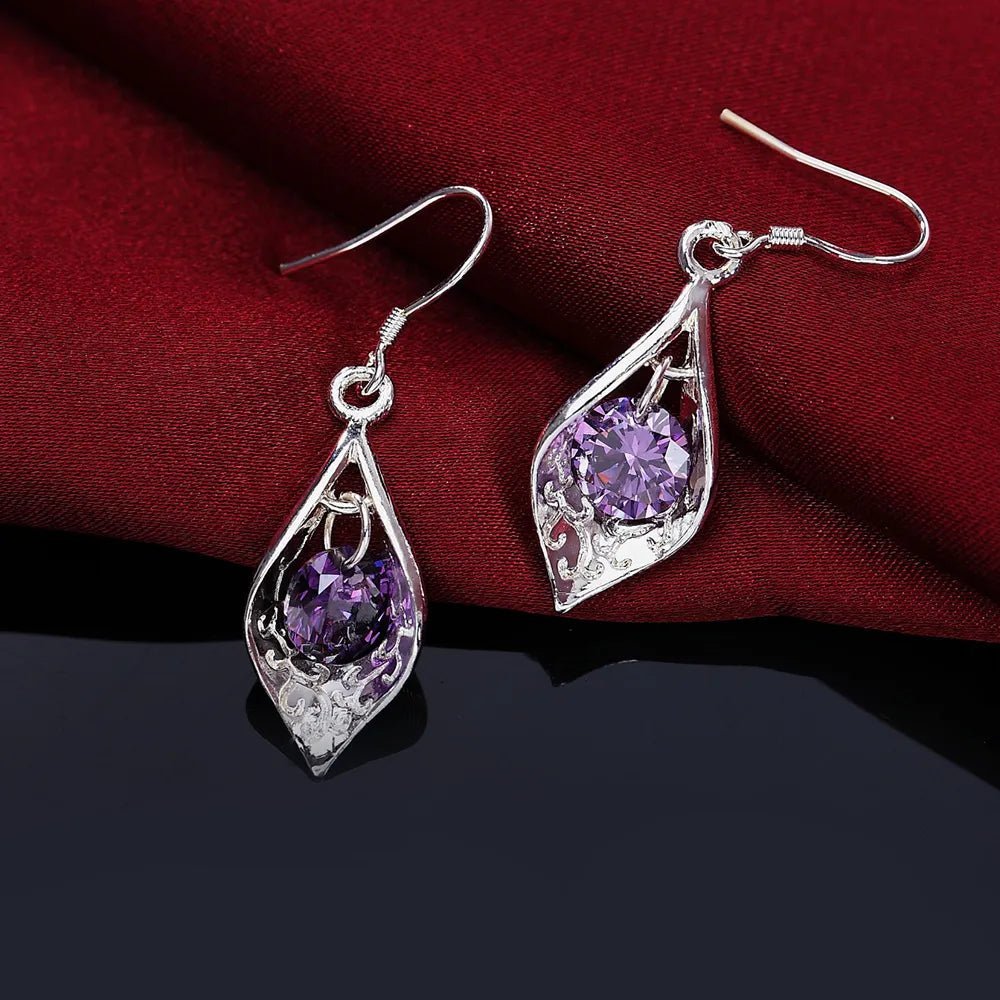 925 Sterling Silber Ohrringe - Eleganter Schmuck mit Amethyst - NiZED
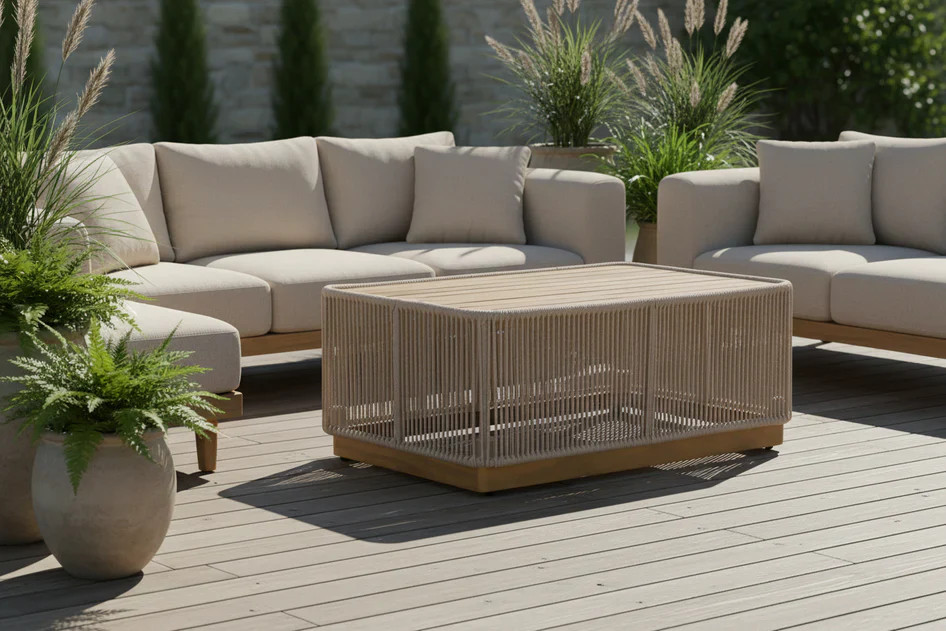 Cypress Teak Wood Sofa Set with Beige Rope Design – Modern Outdoor Lounge 4-Sea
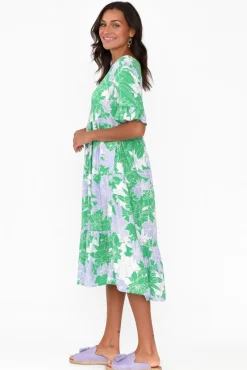 Midi Dresses<New U Collection Addison Green Botanical Tier Dress
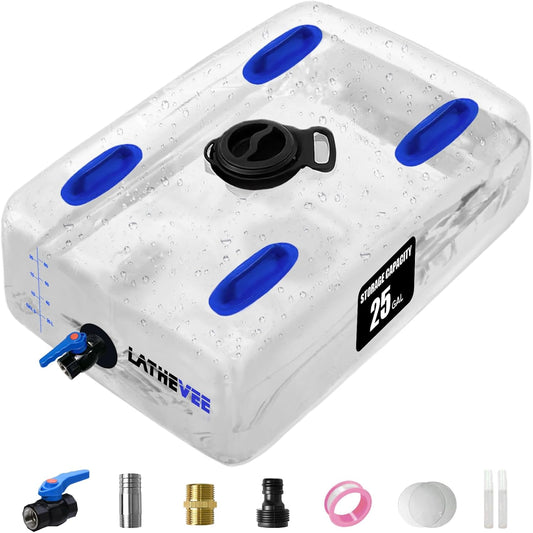 Water Bladder Tank 25 Gallon Portable Storage Bladder Collapsible Water Storage Bag for RV, Camping, Garden Watering, Agricultural Irrigation, Drought Resistance, Firefighting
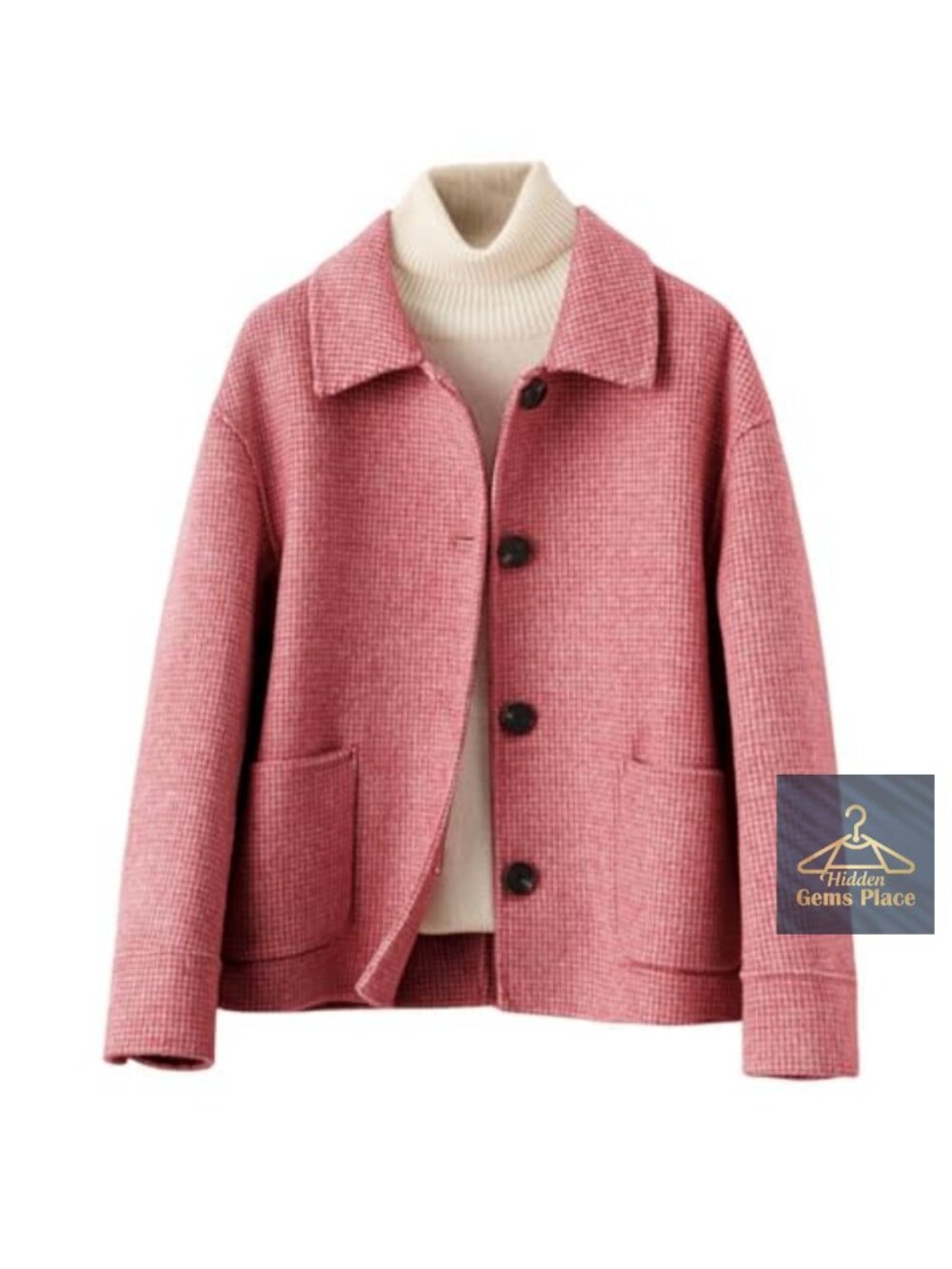 Wool Blend Houndstooth Cropped Pea Coat Button Front Pockets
____________________
■ **PROBLEM DETAILS**: Take the line containing "Cypress Teak Wood" as the first and the last line of the records as the end. Print every line in that span exactly, leaving out pictures.

■ **FINISHED EXERCISE**:
 Cypress Teak Wood Sofa Set with Beige Rope Design – Modern Outdoor Lounge 4-Sea
 Midi Dresses<New U Collection Addison Green Botanical Tier Dress
 Water Bladder Tank 25 Gallon Portable Storage Bladder Collapsible Water Storage Bag for RV, Camping, Garden Watering, Agricultural Irrigation, Drought Resistance, Firefighting
 Wool Blend Houndstooth Cropped Pea Coat Button Front Pockets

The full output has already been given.